|BOTANICAL ELECTRONIC NEWS|
|No. 468 June 6, email@example.com||Victoria, B.C.|
From its beginning in spring 1991 until March 2013, BEN had only one major malfunction: BEN # 13 [are you surprised?] posted on October 14, 1991 triggered a mail storm and all the subscribers received that issue more than 30 times. I was surprised that not too many people unsubscribed.

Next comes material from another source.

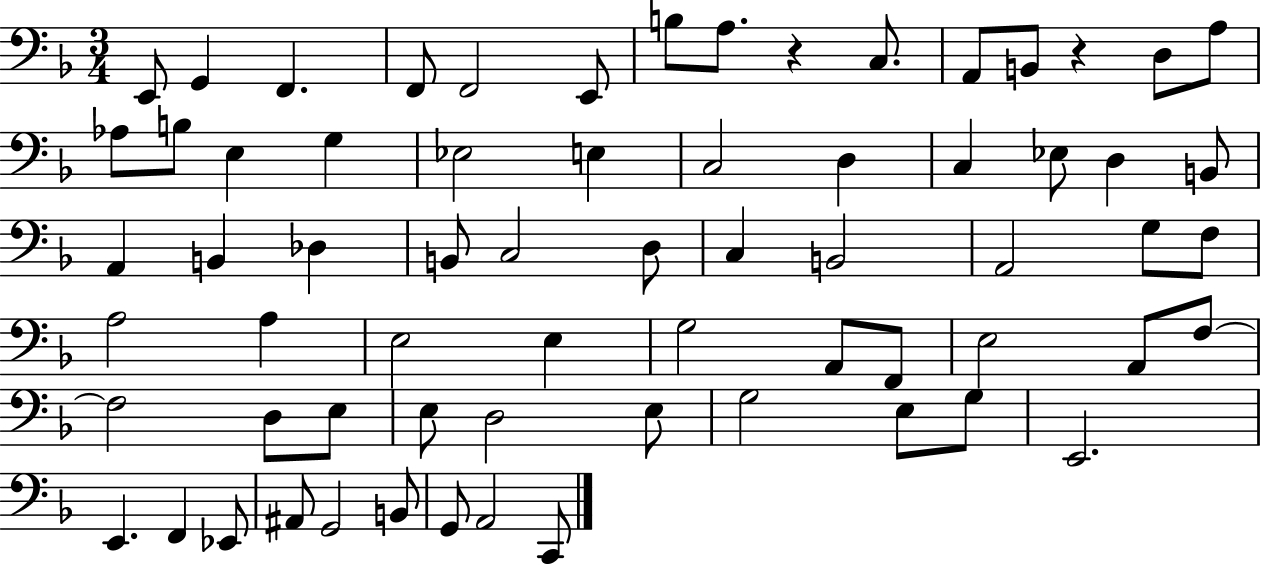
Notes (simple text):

E2/e G2/q F2/q. F2/e F2/h E2/e B3/e A3/e. R/q C3/e. A2/e B2/e R/q D3/e A3/e Ab3/e B3/e E3/q G3/q Eb3/h E3/q C3/h D3/q C3/q Eb3/e D3/q B2/e A2/q B2/q Db3/q B2/e C3/h D3/e C3/q B2/h A2/h G3/e F3/e A3/h A3/q E3/h E3/q G3/h A2/e F2/e E3/h A2/e F3/e F3/h D3/e E3/e E3/e D3/h E3/e G3/h E3/e G3/e E2/h. E2/q. F2/q Eb2/e A#2/e G2/h B2/e G2/e A2/h C2/e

In April 2013, I made two blunders at once. On April 1st I posted a regular BEN instead of the traditional April Fools' Day issue and many subscribers considered it to be an excellent joke. I apologize to all the BEN subscribers and to all the BEN # 466 contributors for this mistake. I felt embarrassed when some readers congratulated me to my sole authorship of the whole BEN # CDLXVI. They grossly overestimated my IQ.
Finally, on April 30, I overlooked that I sent my communication with Prof. Art Kruckeberg to the whole BEN mailing list. Art included the BEN-L mailing address into the cc: addresses and my "Reply to All" worked, as it should. This blunder had a positive aspect as well. I learned about an article that summarized Macoun's contribution to mycology and found several old BEN contributors from whom I have not heard for a long time. I apologize to all other BEN subscribers who might have been confused by that posting.
That was not the end. BEN server moved and BEN distribution list stayed behind. My BEN # 468 dated May 30, 2013, could not be posted until on the D-Day.
Among our most common rushes, in the genus Juncus, is J. tenuis Willd. (path rush). It is found on wilderness shores, prairie swales, potholes (both kinds), and in ditches. It comes up in wet cracks in the sidewalks of our cities, and on the muddy trails of moose on the Canadian border. Juncus tenuis is common in Washington's lakes, rivers, and marshes, and it is common across much of North America. One reason it is so widespread and frequently encountered is its production of a multitude of tiny seeds, half a millimeter long, that get sticky when wet and can hitchhike long distances on passing mammals, birds, and vehicles. And like many Juncus, path rush is not too fussy about where those little seeds will germinate. Seasonally damp and exposed mineral soil is a prime habitat, explaining why it is so common on so many active shorelines and wet roadsides.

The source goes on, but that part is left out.